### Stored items
========================
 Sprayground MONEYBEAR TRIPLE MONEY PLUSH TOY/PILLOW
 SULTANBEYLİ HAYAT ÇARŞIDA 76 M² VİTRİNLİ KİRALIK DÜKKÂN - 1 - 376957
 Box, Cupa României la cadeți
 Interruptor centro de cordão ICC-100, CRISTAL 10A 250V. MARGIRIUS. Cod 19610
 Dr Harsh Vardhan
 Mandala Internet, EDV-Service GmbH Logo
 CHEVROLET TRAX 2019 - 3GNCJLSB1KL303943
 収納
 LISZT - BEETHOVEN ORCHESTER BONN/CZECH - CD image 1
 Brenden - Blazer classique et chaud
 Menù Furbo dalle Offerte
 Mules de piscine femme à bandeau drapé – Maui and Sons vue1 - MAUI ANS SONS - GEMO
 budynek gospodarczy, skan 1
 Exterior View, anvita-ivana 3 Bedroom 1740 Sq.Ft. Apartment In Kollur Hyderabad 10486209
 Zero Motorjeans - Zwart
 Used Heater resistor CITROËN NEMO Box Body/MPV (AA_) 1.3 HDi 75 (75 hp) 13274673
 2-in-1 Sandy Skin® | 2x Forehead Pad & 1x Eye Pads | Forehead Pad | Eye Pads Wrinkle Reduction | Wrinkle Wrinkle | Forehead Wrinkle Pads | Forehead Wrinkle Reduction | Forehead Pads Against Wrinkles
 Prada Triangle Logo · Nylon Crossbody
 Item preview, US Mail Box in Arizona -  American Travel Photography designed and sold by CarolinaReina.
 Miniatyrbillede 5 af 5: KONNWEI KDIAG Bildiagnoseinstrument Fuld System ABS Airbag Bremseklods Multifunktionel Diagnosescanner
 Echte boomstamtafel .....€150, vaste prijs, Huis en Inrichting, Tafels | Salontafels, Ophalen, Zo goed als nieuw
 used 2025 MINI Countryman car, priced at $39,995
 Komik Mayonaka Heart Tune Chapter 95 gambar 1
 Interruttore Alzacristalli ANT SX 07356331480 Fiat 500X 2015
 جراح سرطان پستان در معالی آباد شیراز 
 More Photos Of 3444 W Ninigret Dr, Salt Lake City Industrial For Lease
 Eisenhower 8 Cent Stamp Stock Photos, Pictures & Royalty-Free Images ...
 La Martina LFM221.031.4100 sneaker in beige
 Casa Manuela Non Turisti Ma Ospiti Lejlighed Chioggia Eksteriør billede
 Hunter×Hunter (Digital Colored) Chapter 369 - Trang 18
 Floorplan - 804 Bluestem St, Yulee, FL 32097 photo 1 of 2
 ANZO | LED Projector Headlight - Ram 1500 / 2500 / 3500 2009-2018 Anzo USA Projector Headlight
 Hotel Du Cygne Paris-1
========================
### Directions for this task
Copy whichever lines above contain the string "Logo".

### Finished task
 Mandala Internet, EDV-Service GmbH Logo
 Prada Triangle Logo · Nylon Crossbody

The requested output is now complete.